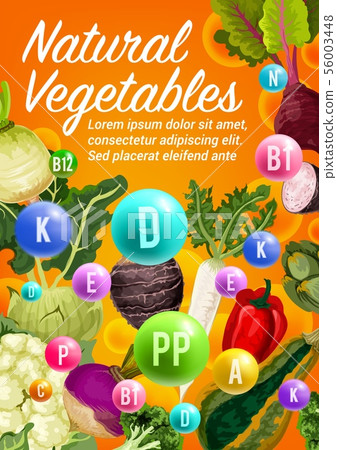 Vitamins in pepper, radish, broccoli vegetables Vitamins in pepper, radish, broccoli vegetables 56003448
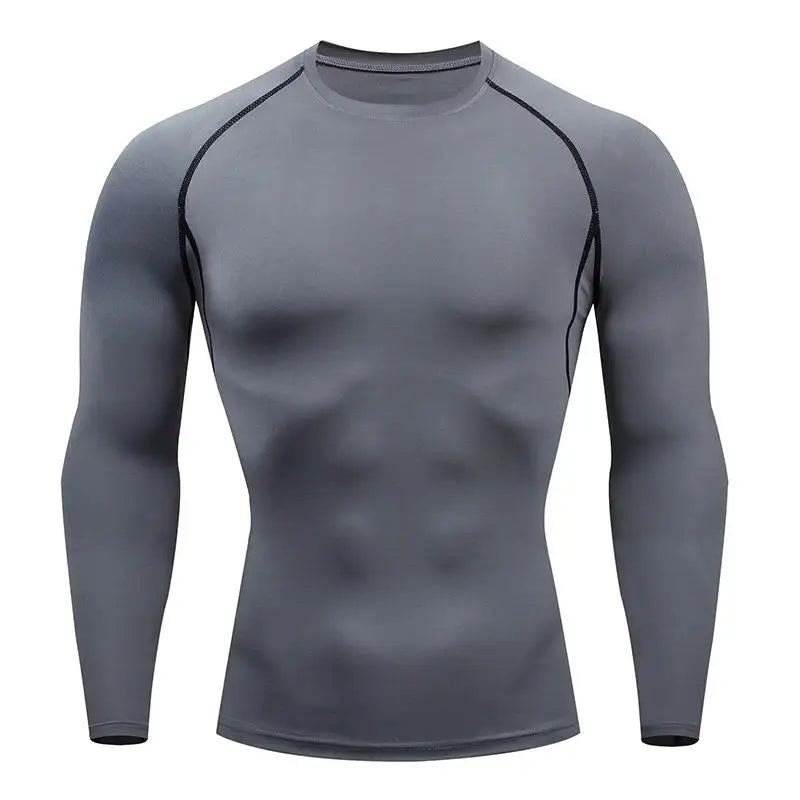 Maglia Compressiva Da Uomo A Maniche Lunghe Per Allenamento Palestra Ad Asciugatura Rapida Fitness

==

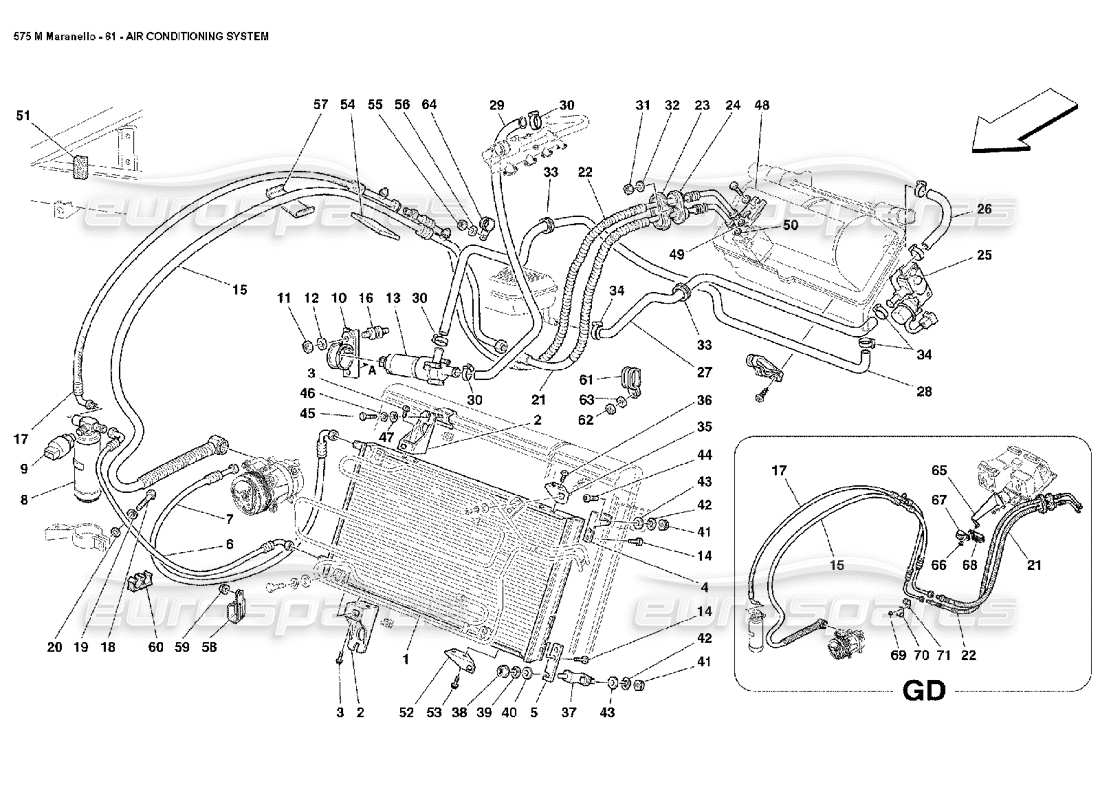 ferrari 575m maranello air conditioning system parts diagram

==

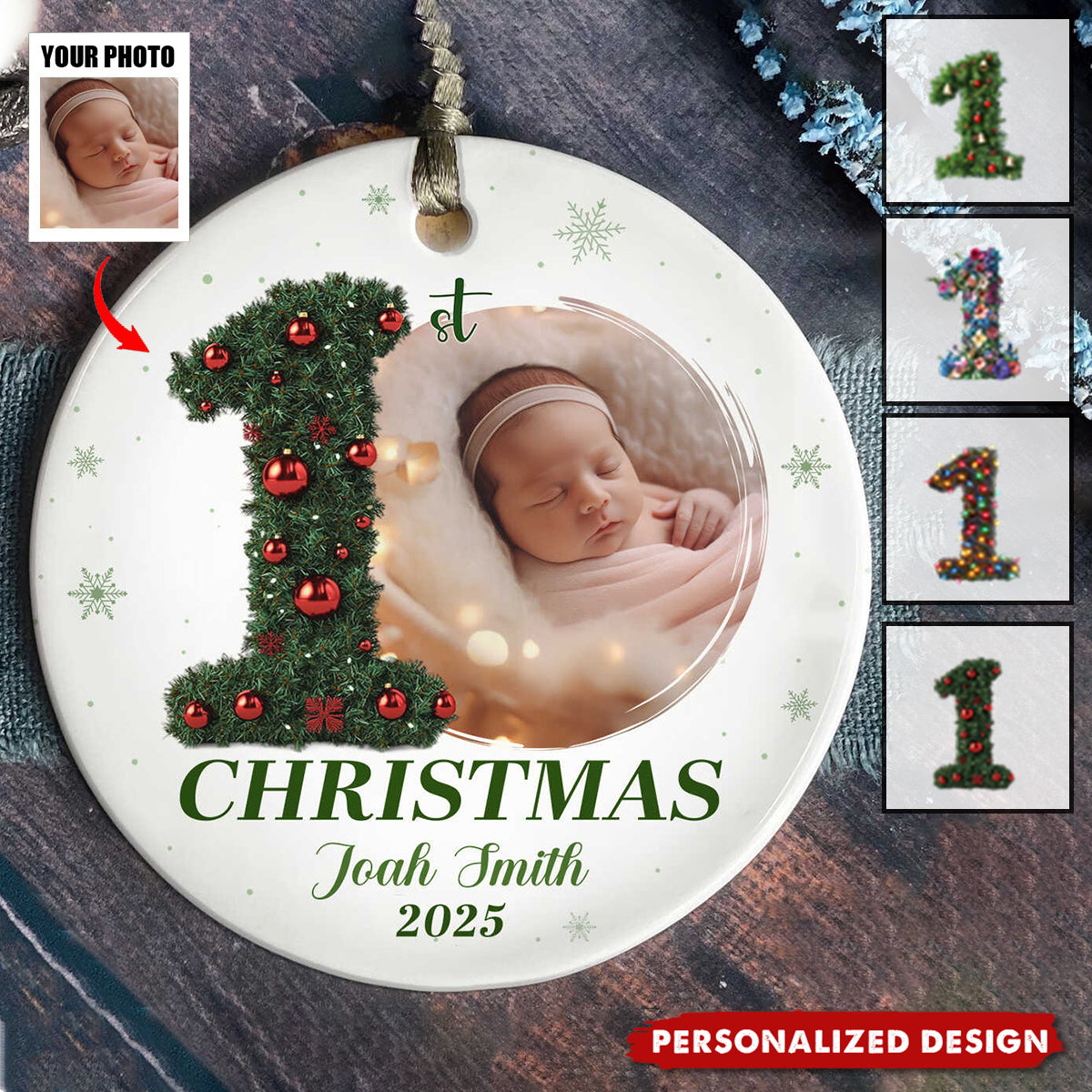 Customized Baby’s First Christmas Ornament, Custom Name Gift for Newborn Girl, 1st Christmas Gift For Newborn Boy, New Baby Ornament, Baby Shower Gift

WHAT YOU HAVE TO DO
From the material above, output only the span of lines that starts at the one containing "Vitamins in pepper, radish, broccoli vegetables Vitamins" and finishes at the one containing "Maglia Compressiva Da", word for word and free of pictures.

SOLUTION
 Vitamins in pepper, radish, broccoli vegetables Vitamins in pepper, radish, broccoli vegetables 56003448
 Maglia Compressiva Da Uomo A Maniche Lunghe Per Allenamento Palestra Ad Asciugatura Rapida Fitness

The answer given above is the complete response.